Here is the official word from Disney about their Consumer Products Section:
Consumer Products revenues for the quarter increased 22% to $1.4 billion and segment operating income increased 46% to $626 million. Higher operating income was due to increases at our Merchandise Licensing and Retail businesses.
The increase in operating income at Merchandise Licensing was due to the performance of merchandise based on Frozen and, to a lesser extent, Disney Channel properties, Mickey and Minnie, Spider-Man and Avengers.
At our Retail business, higher operating income for the quarter was due to comparable store sales growth and higher online sales in all regions driven by sales of Frozen merchandise.
From this, we can see that in general, its been a very good year for Disney’s Merchandise division, with Frozen Fever in full swing and the added benefit of the Marvel universe, Disney have done very well.
With regards to Disney Infinity, here are the official details about their Interactive Division:
Interactive revenues for the quarter decreased by $19 million to $384 million and segment operating income increased by $20 million to $75 million. Improved operating results were due to an increase at our mobile games business driven by the success of Tsum Tsum and Frozen Free Fall as well as lower product development costs due to fewer titles in development. This increase was partially offset by lower results at our console games business reflecting higher per unit costs driven by the mix of Disney Infinity products sold, lower unit sales and higher marketing costs. The decrease in unit sales was driven by lower sales of Infinity accessories and catalog titles, partially offset by higher sales of Infinity starter packs.

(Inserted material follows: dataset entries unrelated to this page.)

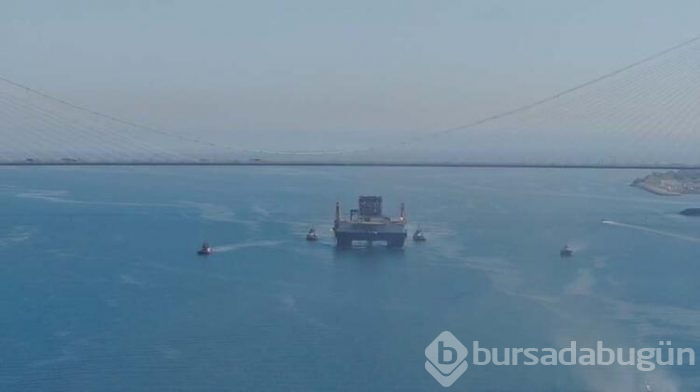 36 bin 863 groston ağırlığındaki "Scarabeo 9" İstanbul Boğazı'ndan geçiyor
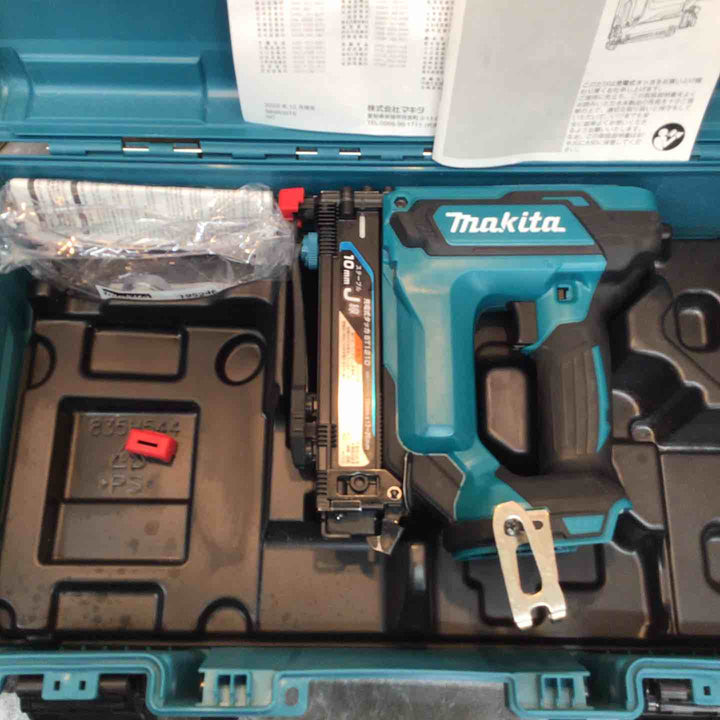 ★マキタ(makita) コードレスタッカー ST121DZK【八潮店】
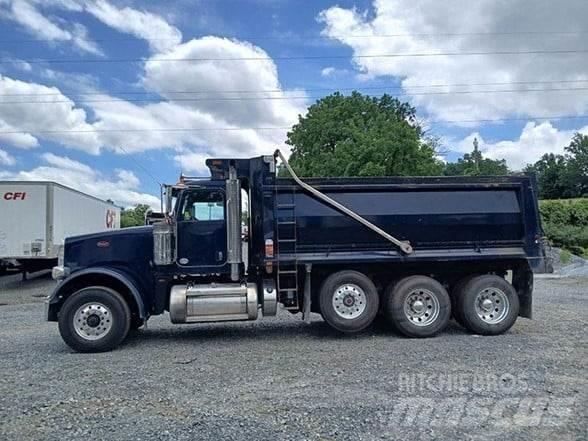 Peterbilt 367 Pašizgāzējs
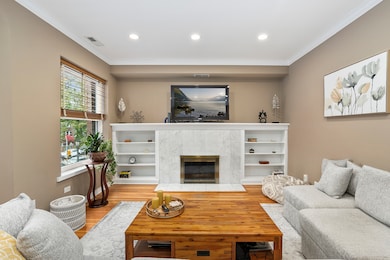 4429 N Beacon St unit 2N, Chicago, IL 60640 - photo 7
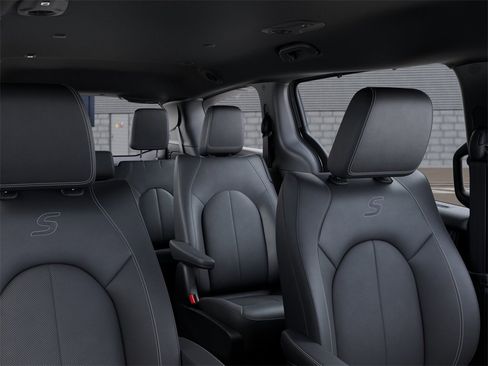 New 2026 Chrysler Pacifica Select image 26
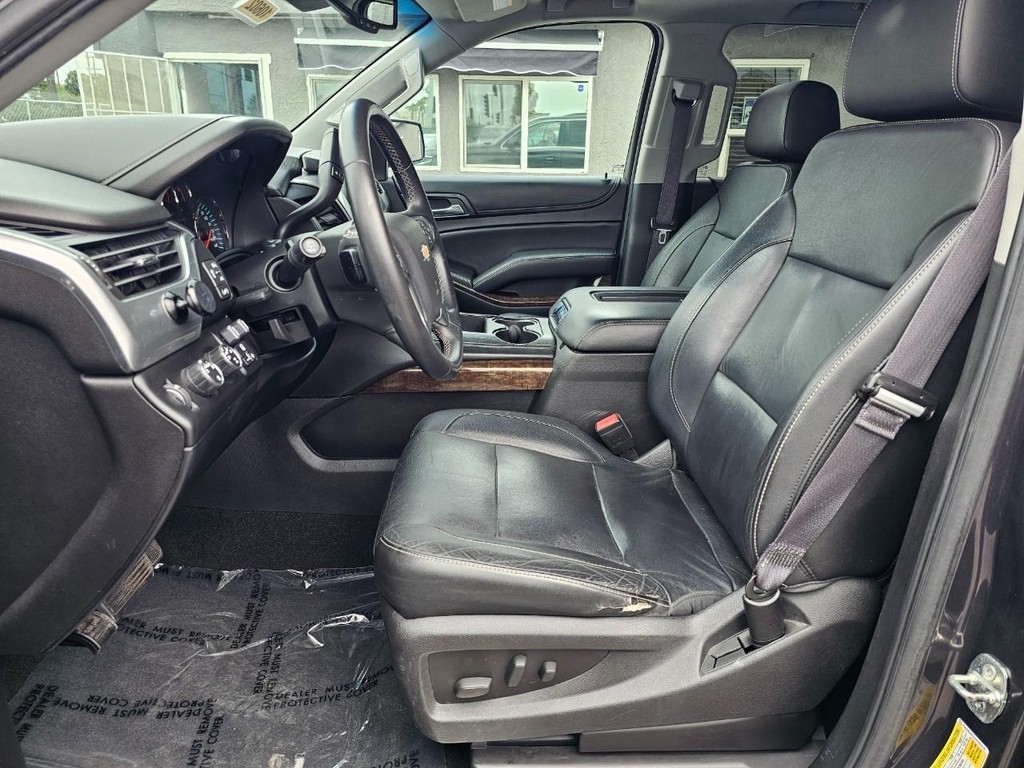 Chevrolet Tahoe Vehicle Full-screen Gallery Image 18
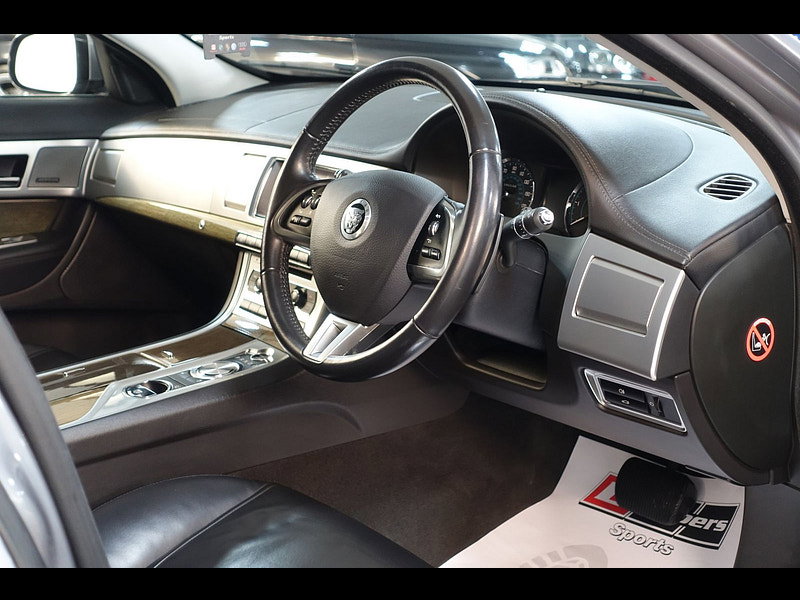 Jaguar XF 2.2d Premium Luxury Sportbrake 5dr Diesel Auto Euro 5 (s/s) (200 ps)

Going off of this information, we can see that Disney Infinity 2.0 had a increase in sales of Starter Packs (which makes sense with having 2 different versions this year), but it had sold less accessories, which Power Discs and Figures would count as, since the “accessories” like the albums are sold by another company, PDP. Disney has had to spend more money on advertising due to the increase competition from Skylanders and Nintendo’s Amiibo. Disney has shown there is potential to grow Infinity further, if they can get the attachment rate higher from those with the Starter Pack to purchase more accessories. This could have been a direct response of fans not having as many play sets or having a reduced number of Disney themed characters. However its worth noting that Infinity 2.0 would still be considered a huge success when comparing the Interactive division to a few years ago when they made huge loses. And overall, the Interactive division has made a profit but compared to other areas within the company as a whole, it is hard to work out the exact sales data with regards to Infinity.
Overall, Disney reported that its total revenue rose 9% in the quarter to $13.39 billion and net income grew 19% to $2.18 billion.